一方、光や音を組み合わせた大規模なインスタレーション作品をはじめ、その他に彫刻作品やフォトグラムなども手掛けるアン・ハーディ(1970年英国生まれ、現在ロンドン在住)もまた空間の観察および路上での採集を制作プロセスの一貫として位置付けている作家です。用途を失った場所、取り残されたものなどに深い関心を寄せ、それらを「都市に潜在する集団的無意識」に言及する要素として作品に登場させています。彼女の作品はリサーチと採集に基づき、2019年テート・ブリテンのファサードに展示されたコミッション作品においては、付近を流れるテムズ川周辺のフィールドワークを経て、冬至についての古い記録から着想された大規模なインスタレーションが行われました。本展で発表される展示のひとつは、床に置かれたボードの上に、東京で採取された土を用いて形成されたアッサンブラージュ作品です。吊り下がった照明は、東京で観測されるライブ気象データのプログラムによって点滅を繰り返しています。

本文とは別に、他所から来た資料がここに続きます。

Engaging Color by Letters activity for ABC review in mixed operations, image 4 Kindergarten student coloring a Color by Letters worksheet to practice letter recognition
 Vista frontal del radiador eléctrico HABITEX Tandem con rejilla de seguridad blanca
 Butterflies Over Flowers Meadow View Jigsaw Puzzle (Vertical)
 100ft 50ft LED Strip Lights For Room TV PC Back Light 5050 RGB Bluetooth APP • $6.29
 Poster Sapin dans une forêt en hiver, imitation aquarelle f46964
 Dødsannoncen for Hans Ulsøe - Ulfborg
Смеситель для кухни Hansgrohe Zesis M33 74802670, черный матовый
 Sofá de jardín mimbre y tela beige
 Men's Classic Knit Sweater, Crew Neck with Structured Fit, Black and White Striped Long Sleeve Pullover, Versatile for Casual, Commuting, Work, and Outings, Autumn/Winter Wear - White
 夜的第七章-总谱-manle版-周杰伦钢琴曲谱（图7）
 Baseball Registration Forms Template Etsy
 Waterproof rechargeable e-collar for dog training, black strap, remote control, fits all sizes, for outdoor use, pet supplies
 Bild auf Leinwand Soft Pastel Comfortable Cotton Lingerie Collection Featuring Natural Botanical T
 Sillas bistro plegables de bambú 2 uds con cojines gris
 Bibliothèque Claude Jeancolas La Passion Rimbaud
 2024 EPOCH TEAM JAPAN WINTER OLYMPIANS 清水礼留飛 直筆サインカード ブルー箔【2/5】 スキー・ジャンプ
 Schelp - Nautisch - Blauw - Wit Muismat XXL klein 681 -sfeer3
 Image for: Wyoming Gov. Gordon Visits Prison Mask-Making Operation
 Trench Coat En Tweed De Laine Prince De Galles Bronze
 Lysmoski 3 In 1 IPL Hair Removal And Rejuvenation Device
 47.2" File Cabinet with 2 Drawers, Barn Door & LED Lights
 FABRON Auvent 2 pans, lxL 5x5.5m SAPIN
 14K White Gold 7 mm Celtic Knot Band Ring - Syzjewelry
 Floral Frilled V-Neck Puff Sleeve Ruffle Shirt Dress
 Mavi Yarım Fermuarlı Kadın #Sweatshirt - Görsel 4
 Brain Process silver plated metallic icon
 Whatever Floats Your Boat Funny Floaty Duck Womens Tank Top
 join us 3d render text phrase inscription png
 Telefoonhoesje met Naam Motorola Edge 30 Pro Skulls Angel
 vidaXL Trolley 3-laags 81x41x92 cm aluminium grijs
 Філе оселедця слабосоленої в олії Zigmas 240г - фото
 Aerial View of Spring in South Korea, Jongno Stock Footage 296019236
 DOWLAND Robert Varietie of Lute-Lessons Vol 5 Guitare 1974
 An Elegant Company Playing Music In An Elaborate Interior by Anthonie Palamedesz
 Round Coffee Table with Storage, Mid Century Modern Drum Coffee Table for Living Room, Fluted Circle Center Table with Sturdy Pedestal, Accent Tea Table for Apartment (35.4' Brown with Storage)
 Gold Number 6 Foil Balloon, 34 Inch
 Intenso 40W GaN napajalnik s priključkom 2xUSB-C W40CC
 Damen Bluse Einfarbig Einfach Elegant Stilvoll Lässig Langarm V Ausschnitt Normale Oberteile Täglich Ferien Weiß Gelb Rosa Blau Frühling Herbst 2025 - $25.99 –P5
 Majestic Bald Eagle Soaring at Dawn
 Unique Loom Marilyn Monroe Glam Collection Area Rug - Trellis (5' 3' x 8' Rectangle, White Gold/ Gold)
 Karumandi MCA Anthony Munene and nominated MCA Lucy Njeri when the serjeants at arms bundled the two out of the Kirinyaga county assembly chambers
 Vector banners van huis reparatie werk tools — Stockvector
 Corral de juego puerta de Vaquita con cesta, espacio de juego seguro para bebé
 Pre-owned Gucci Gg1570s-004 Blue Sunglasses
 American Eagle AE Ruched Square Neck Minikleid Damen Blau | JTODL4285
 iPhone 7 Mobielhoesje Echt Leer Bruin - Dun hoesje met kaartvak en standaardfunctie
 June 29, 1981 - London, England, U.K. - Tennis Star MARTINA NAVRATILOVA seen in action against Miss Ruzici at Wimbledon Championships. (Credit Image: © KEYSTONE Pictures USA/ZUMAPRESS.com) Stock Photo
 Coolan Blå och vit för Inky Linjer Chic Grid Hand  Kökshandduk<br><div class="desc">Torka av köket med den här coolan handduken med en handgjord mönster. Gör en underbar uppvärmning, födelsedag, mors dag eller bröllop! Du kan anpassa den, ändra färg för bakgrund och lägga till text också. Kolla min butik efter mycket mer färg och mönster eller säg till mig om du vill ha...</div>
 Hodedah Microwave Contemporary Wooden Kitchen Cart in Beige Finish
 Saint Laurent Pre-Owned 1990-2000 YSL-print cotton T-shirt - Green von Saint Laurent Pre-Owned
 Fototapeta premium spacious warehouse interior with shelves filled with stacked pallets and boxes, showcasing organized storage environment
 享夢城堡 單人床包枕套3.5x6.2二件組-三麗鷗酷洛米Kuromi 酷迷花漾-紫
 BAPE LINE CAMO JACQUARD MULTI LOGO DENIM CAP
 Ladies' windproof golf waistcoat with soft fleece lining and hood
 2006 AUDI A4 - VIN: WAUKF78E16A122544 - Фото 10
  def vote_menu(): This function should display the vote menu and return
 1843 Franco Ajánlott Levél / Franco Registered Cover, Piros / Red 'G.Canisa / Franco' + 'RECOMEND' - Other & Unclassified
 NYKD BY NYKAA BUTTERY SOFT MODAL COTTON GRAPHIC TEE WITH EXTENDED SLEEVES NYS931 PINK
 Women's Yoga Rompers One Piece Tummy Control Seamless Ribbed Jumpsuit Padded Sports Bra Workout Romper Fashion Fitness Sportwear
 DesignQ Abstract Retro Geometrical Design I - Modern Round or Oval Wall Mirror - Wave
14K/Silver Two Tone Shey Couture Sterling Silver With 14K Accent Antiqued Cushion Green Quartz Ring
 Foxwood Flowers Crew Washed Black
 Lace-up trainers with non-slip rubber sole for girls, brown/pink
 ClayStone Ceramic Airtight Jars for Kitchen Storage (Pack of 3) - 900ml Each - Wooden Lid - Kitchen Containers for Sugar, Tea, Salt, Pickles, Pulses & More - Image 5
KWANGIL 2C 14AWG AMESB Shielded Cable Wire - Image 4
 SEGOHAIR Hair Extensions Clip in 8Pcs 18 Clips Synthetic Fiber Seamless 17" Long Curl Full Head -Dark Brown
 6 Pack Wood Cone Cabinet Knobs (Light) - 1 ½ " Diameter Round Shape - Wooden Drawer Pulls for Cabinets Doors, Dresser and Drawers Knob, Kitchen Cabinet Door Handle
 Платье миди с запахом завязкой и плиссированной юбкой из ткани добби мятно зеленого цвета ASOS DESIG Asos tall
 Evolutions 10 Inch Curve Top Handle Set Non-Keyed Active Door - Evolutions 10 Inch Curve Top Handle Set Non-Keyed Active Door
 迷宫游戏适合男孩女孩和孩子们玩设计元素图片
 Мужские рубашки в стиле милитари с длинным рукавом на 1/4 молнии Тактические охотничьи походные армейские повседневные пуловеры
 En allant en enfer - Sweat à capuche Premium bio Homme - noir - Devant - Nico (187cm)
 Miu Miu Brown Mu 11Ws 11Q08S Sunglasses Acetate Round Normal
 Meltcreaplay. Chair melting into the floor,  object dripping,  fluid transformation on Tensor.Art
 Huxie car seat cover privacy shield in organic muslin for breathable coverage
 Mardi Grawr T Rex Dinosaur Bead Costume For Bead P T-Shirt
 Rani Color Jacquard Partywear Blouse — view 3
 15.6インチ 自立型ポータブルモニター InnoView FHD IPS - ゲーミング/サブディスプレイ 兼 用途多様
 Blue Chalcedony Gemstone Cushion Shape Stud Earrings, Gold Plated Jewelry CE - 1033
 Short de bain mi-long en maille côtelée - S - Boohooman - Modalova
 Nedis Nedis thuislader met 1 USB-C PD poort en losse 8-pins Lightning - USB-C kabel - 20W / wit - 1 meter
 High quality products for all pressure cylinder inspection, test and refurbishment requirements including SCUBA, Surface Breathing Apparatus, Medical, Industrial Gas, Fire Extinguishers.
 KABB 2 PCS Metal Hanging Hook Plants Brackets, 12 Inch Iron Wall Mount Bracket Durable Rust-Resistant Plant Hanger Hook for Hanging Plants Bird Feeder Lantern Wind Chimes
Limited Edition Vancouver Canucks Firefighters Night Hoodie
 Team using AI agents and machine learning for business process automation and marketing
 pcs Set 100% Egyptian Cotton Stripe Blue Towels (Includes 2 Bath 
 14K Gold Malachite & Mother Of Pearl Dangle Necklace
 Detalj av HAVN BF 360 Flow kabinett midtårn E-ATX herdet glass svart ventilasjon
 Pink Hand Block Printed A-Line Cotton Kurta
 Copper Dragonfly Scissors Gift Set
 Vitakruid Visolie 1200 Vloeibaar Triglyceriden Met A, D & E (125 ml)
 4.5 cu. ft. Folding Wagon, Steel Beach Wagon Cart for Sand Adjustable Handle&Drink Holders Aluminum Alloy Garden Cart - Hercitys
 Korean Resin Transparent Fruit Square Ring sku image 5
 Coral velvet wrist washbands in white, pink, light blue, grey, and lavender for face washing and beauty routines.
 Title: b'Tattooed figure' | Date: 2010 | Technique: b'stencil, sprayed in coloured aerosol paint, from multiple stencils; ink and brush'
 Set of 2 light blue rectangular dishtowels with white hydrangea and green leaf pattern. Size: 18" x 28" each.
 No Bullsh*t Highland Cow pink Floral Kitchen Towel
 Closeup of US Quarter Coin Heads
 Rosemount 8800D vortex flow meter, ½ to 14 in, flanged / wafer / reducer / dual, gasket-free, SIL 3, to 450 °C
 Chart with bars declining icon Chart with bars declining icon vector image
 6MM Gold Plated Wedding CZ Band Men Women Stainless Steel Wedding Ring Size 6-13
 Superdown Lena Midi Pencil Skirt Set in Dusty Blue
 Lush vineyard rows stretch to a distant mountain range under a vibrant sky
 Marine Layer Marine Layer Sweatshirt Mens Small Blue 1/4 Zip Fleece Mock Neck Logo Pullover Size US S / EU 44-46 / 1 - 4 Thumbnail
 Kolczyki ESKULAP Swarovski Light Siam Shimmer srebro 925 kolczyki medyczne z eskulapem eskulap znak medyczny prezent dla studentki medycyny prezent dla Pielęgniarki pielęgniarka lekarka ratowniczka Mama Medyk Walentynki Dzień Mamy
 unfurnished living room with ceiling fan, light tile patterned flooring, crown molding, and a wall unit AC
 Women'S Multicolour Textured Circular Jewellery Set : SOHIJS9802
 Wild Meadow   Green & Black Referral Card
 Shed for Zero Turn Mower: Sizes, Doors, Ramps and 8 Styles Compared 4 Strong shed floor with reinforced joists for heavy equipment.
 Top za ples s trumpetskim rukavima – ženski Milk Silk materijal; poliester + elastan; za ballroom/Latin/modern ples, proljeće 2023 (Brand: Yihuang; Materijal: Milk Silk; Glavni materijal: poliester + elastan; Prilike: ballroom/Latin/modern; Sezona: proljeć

近年ハーディは都市におけるデータを作品に組み込むことに注力していると言います。天候や人の流れなど、目に見えない情報がプログラムされたこの光の点滅は、都市の有り様やその無意識的な側面を可視化し、空間に情感をもたらしています。

 

本展タイトルのTides(潮汐)は二人が制作を通じて共有する感性を象徴的に示す言葉です。松﨑が目の前に現れる風景を環境およびその複合的な要因がもたらす結果であると考えるように、ハーディもまた街を海のようなものだと捉えていると言います。その風景の中では、日々潮が満ち引き、渦が起こり、海岸にはふと打ち捨てられたものが流れつくこともあるのです。東京藝術大学では異文化間での空間に対する視点やアプローチの違いを主な題材に、二名の出展作家とキュレーター三木あき子との対談が予定されています。ロンドンと東京という両都市の狭間を行き来するアーティストの視点を通じて、皆様の考察を促す機会となれば幸いです。